Published: Tue 18 July 2017
By Jonathan Eifrig
In AWS .
... or, 'Why can't I give my bucket a Route 53 DNS name?'
TL;DR: Because S3 buckets don't get an IP number just because their
'Use this bucket to host a website' toggle is checked. I knew that...
The Setup
I spent a good chunk of yesterday morning trying to figure out why I was
unable to give a DNS entry in Route 53 to the S3 bucket that was hosting this
blog. Resolving this problem gave me a much better understanding of how S3
implements HTTP access to S3 buckets and how DNS, HTTP, and TCP interact in
non-obvious ways.
Now, I knew I wanted to host this blog as a static site in S3, as I this would
be a super-cheap hosting solution and it would give me a chance to experiment
with adding more AWS functionality later. So, after a little fooling
around with Pelican I had a skeleton website ready to go, loaded into an S3
bucket.
Just to review, an Amazon S3 bucket is a simple object store where you can
put arbitrary data as opaque 'objects', and associate each object with a
key value. There's an API for accessing S3 objects programmatically, but
there is also an option to make the contents of an S3 bucket available via
HTTP; this is what makes hosting a website in an S3 bucket so attractive.
When you create an S3 bucket you can enable this functionality by toggling
the 'Use this bucket to host a website' button in the AWS console. If you do this,
the console will reward you with a little note like
Endpoint : http://scratch-bucket.s3-website-us-east-1.amazonaws.com
This is great! All I would need to do would be to enable this feature and my
website would be up and running. Sure
enough, pasting http://scratch-bucket.s3-website-us-east-1.amazonaws.com
into my browser's address bar brought up my scratch website. Success!
All that was left to do was give this endpoint a more convenient URL and I'd be
ready to go. How hard could that be?....
Pain And Woe...
Now, I had read the Route 53 docs. I had watched the informative videos. I knew
that I could use Route 53 (Amazon's DNS service) to map a DNS name to my
bucket. I could just make an entry for blog.foobar.com
pointing to my
bucket and I'd be off to the races. Simple!

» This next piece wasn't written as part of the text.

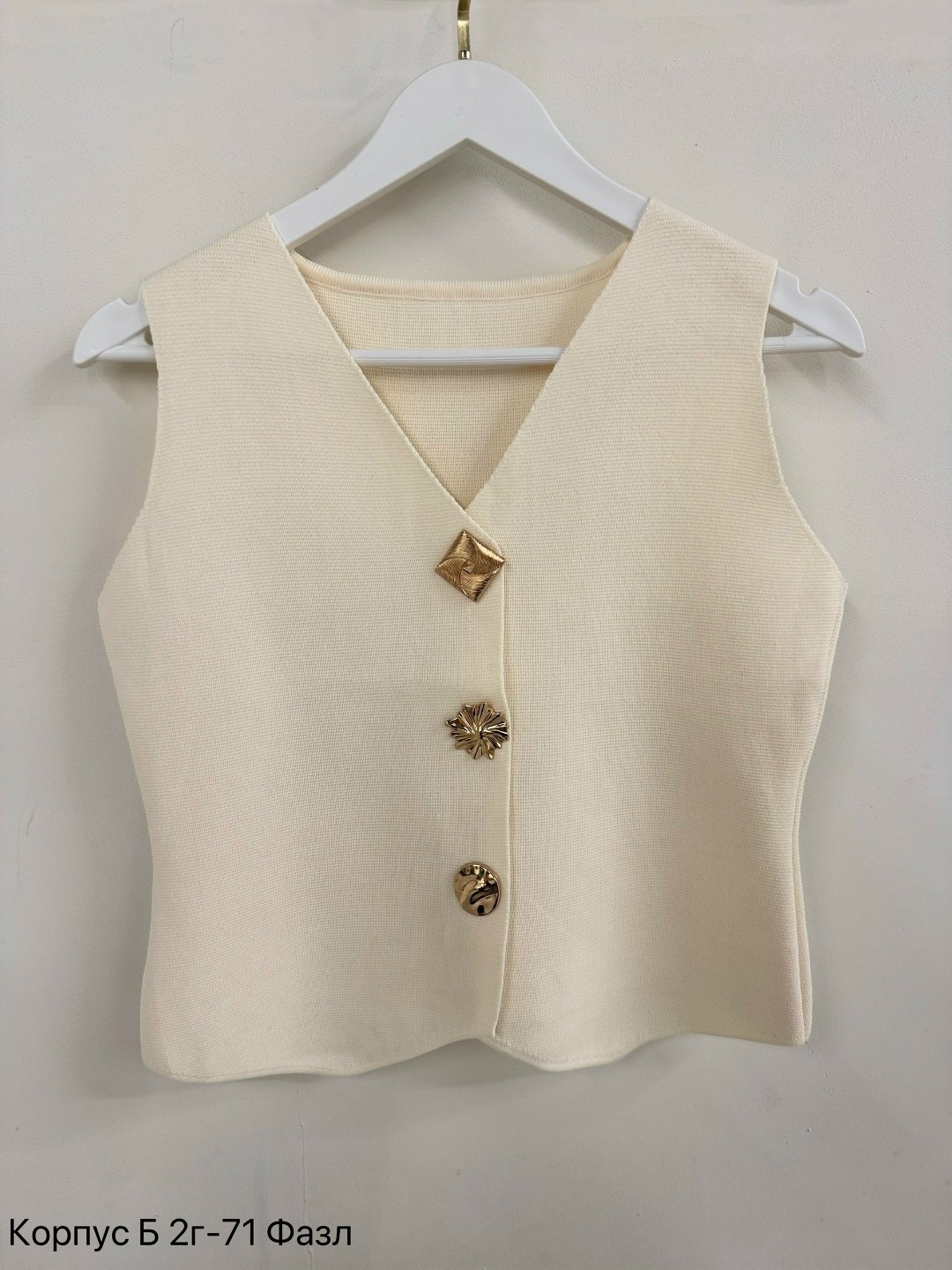 жилетка женская,жилет женский,жилет на пуговицах,жилет приталенный,женский вязаный жилет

The way you're supposed to do this using Route 53 is by creating an 'alias'
record for blog.foobar.com
. However, trying to create such an alias in
Route 53 console resulted in the pulldown menu being populated with an unhelpful
collection of S3 buckets:
— S3 website endpoints —
No Targets Available
OK, well, perhaps there was something wrong with Route 53 or my bucket; I'd
fix that later. We don't need this helpful pulldown menu: we know the name
of the S3 bucket we want to use and we know they're globally unique, so we'll
just jam it into the edit box ourself! But putting 'scratch-bucket
' into
the 'Alias Target' box just gave another error when trying to save the
DNS resource record:
The record set could not be saved because:
- Alias Target contains an invalid value.
Well, OK, trying to make an alias wasn't working. But I'm smart: all I want
is for clients trying to access 'blog.foobar.com
' to be routed to
'scratch-bucket.s3-website-us-east-1.amazonaws.com
', and I know how to do
that: I just needed a DNS CNAME record for 'blog.foobar.com
' that tells DNS
clients that they should redirect to the S3 address instead, right?
But this doesn't work, either: this didn't even resolve correctly! What was
going on?
The Light Finally Dawns...
Hmmm... Alright, I knew that the scratch bucket was accessible: maybe I could
just make a DNS A record that associated 'blog.foobar.com
' with the IP number of
S3 bucket? First I had to fire up nslookup(1)
to see what IP number was:
> nslookup scratch-bucket.s3-website-us-east-1.amazonaws.com.
Server: 192.168.1.1
Address: 192.168.1.1#53
Non-authoritative answer:
scratch-bucket.com.s3-website-us-east-1.amazonaws.com canonical name = s3-website-us-east-1.amazonaws.com.
Name: s3-website-us-east-1.amazonaws.com
Address: 52.216.65.234
Oh. Of course.
Just because S3 buckets that have their 'Bucket Hosting' toggle turned on have
DNS entries doesn't mean they have their own IP numbers. Indeed, nslookup
shows us that all such S3 buckets in an Amazon region are handled by a pool of
IP numbers. The HTTP handler that winds up handling an incoming request relies on the
HTTP Request URL:
header to determine which S3 bucket to look in.
TL;DR : If you want to host a website in AWS using S3, you need to give your
S3 bucket the same name as your DNS hostname.
This is actually a terrible feature of AWS. There's really nothing to stop a
bad actor from essentially cybersquatting on S3 bucket names. I shouldn't be
able to create an S3 bucket named 'sortinghat.google.com
' and thereby
prevent Google from hosting a website at that address using S3.